Шейна поцеловала Олю – и обе женщины вышли. Сарра пришла к маме – ждать. Паня зажгла лампадку.
Боренька родился.
Он родился легко, без единого разрыва, как выскользнул: маленький, тощий, с синей головой и ручками куренка.
На радостях Паня напекла для Оли из пшеничной муки шаньги со сметаной:
– Ешь, ешь, ой красавчик какой, красавчик!..
– Сто лет такой вкусноты не ела, – Оля жевала и плакала. Правда, сто лет. Вкуснотища какая…
На всякий случай Оле запретили три дня вставать. Хотя та все равно поднималась, в туалет на улицу бегала.
Да, пятьдесят градусов мороза. А что делать-то?
И никто не заболел. Никто не простудился.

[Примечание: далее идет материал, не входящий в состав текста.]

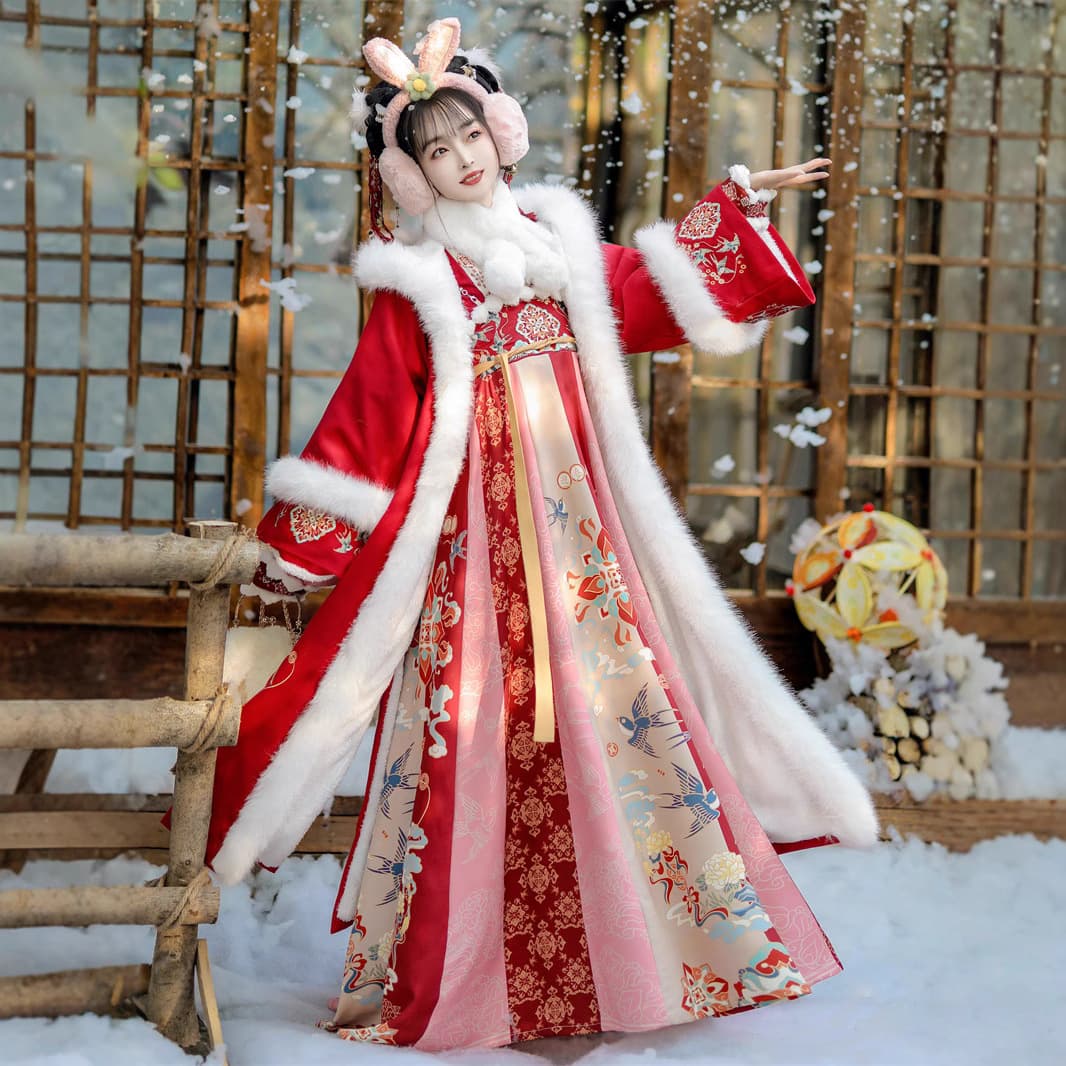 Original Hanfu Women's New Year Dress, Qixiong Suspender Skirt Set, Improved Woolen Cape Coat with Fleece Lining, Winter Warm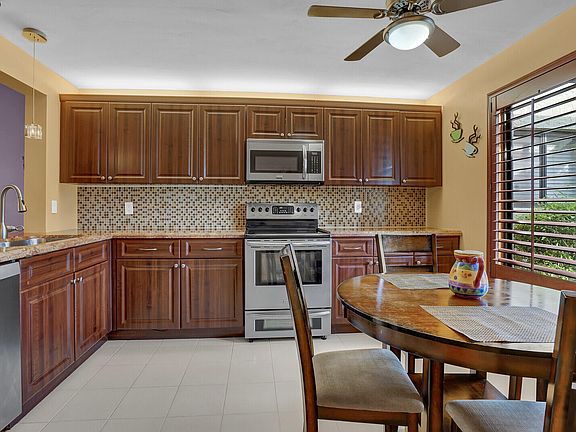 4th image of 5673 Fairway Park Drive #102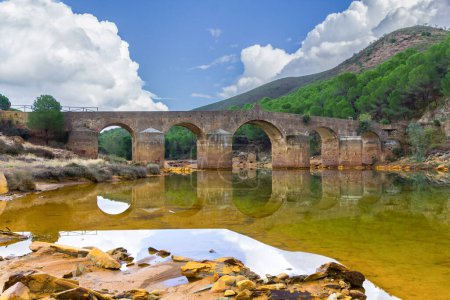 Römische Brücke auf dem Wanderweg der Wassermühlen entlang des Flusses Odiel von Sotiel Coronada in der Provinz Huelva, Andalusien, Spanien
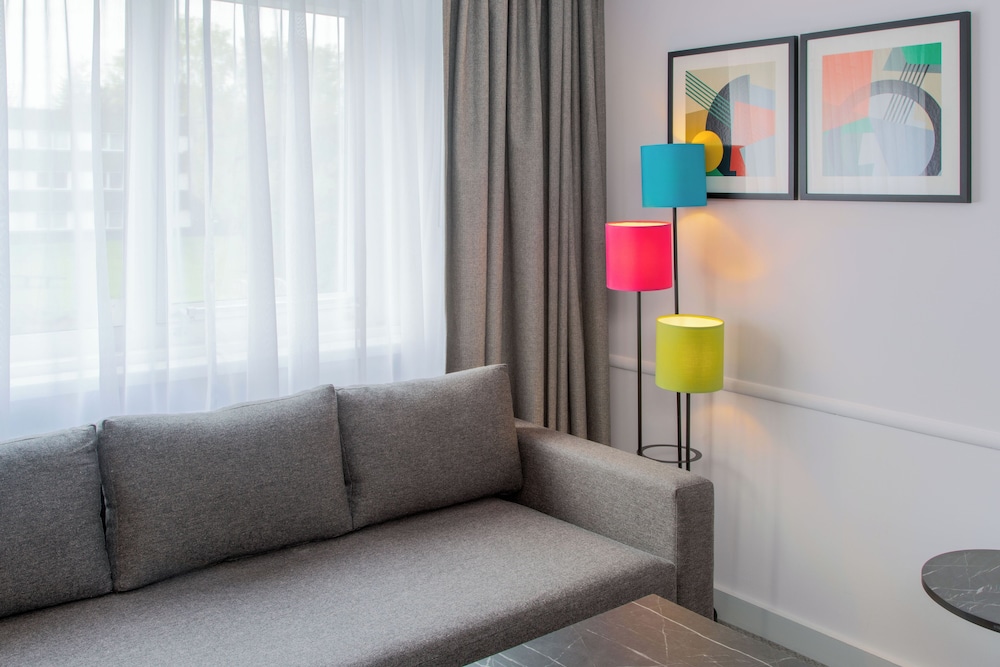 Premium Room, 1 Double Bed with Sofa bed - Photo 3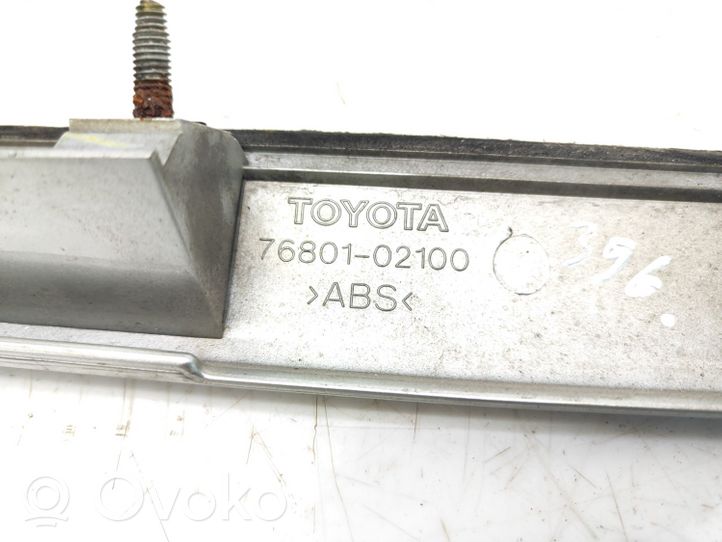 Toyota Corolla E120 E130 Takaluukun rekisterikilven valon palkki 7680102100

Чудеса случаются, как говорил дед Яков.
Про имя думали всей семьей. Паня просила: «Федором назови, у меня муж был, Федор. С финской только пришел, как снова война. Забрали – и убило его». Сарра Григорьевна и Яков Борисович заявили, что нужно называть Борухом, Борей, – в честь прадеда-талмудиста. Шейне очень хотелось сказать, что все равно, как называть, только вслух нужно называть Алтером, чтоб чего плохого не случилось.
Но один Алтер у них уже был, совершенно несчастный, и Шейна молчала.

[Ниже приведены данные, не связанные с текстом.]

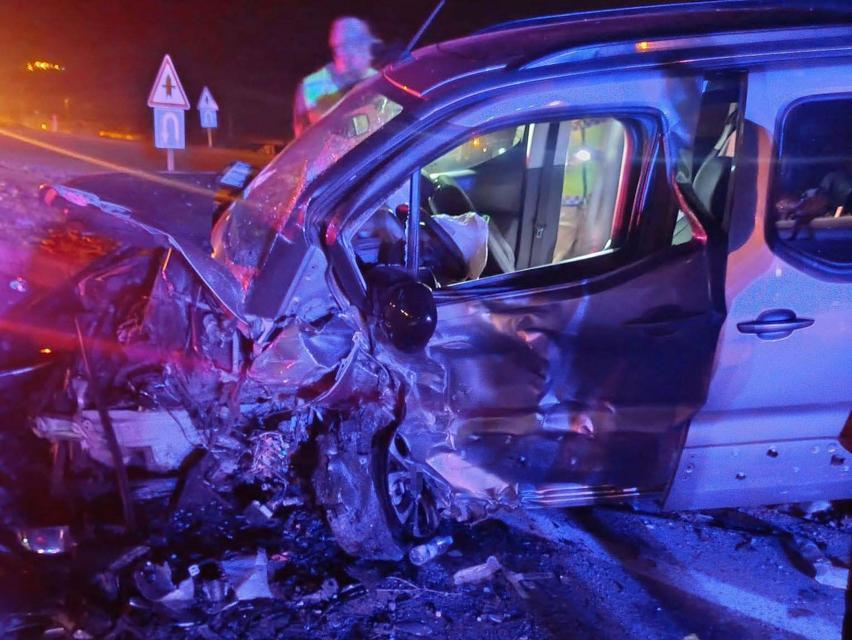 Otomobil ile hafif ticari araç çarpıştı: 2 yaralı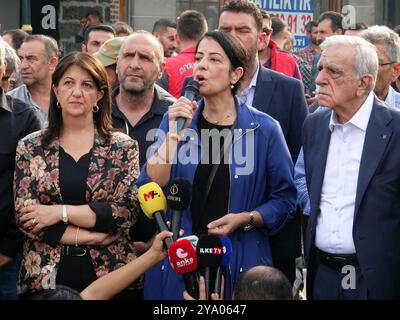 Ayla Akat Ata (M), ancienne députée et éminente femme politique kurde, est vue parler pendant une manifestation. À sa droite, Ahmet Turk (à droite), co-maire de la municipalité métropolitaine de Mardin, et à sa gauche, Pervin Buldan (à gauche), ancien co-président du Parti démocratique populaire (HDP). Les partis et organisations politiques kurdes ont organisé diverses manifestations à l'occasion de l'anniversaire de la capture d'Abdullah Ocalan, chef de l'organisation kurde armée Parti des travailleurs du Kurdistan (PKK), au Kenya en 1999. La marche et la manifestation à Diyarbakir ont appelé à une solution démocratique au problème kurde en Turquie Banque D'Images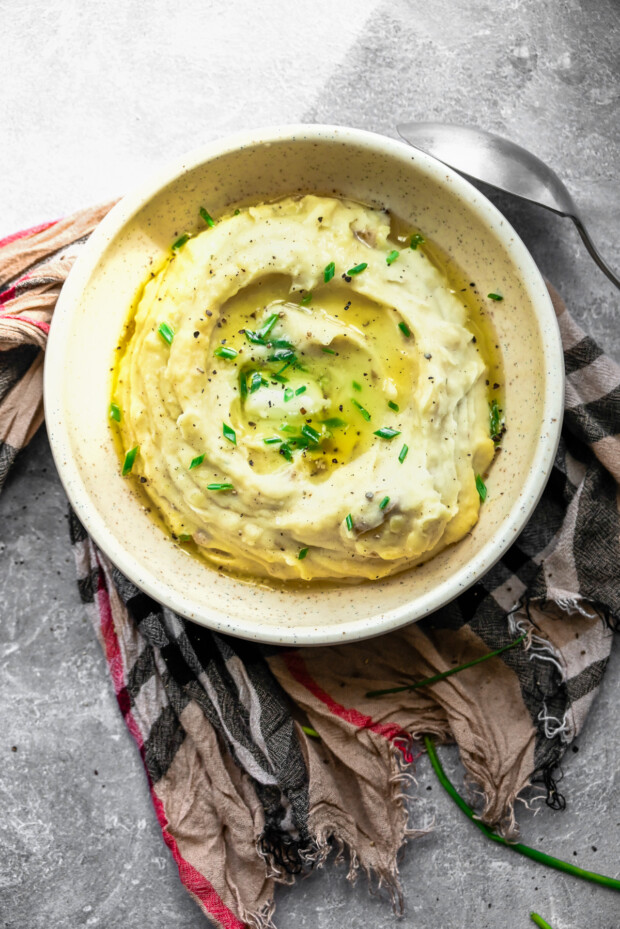 Instant Pot Mashed Potatoes in a serving bowl.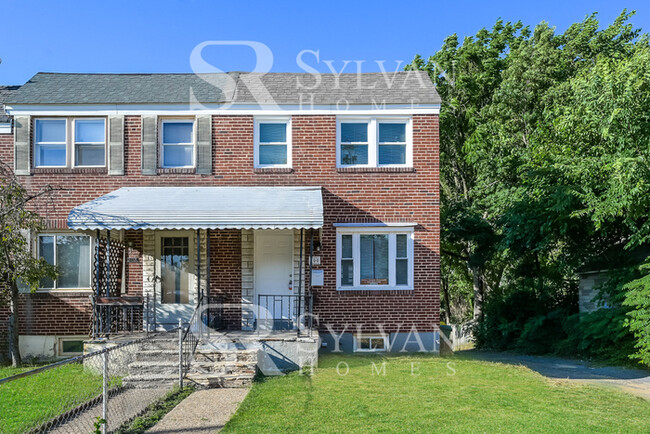 Building Photo - Charming townhome for new residents!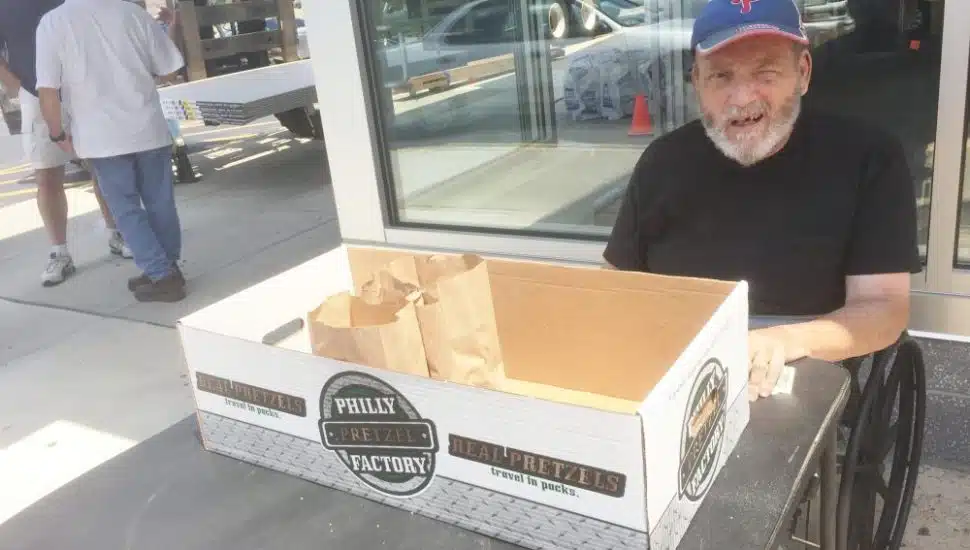 Woodlyn “Pretzel Guy” Still Offering Tasty Treats After Four Decades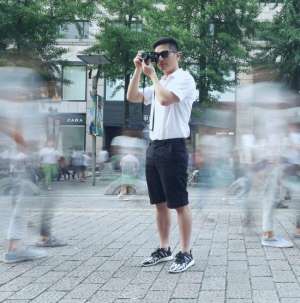 许一 女主播(韵味杭州别样精彩：时尚潮人看杭州)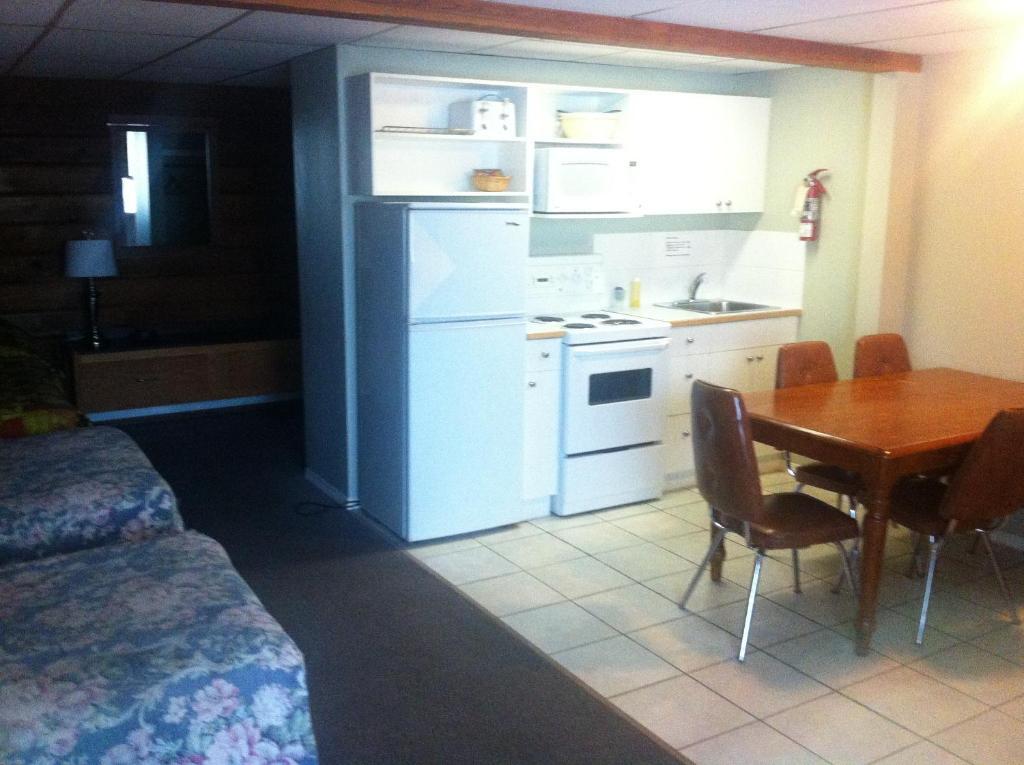 Raccoon Lodge Motel Sylvan Lake Oda fotoğraf
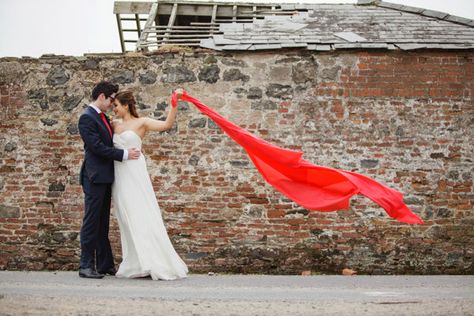 Superman Wedding, Superman Theme, Engagement Save The Date, Wedding Kids Outfit, Superman Cape, Branding Campaign, Save The Date Ideas, Nerd Wedding, Superhero Wedding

Мальчика зарегистрировали.
Борис Соломонович Хоц. Мой папа.
Оле полагалось от колхоза немножко бесплатной баранины, немножко картошки и примерно килограмм непросеянной пшеничной муки. Шейна упросила Паню давать им литр коровьего молока в день, и Оля пила один стакан, а из остального Шейна взбивала масло и делала пахту. К голоду она притерпелась, отдавая почти всю еду кормящей мамочке.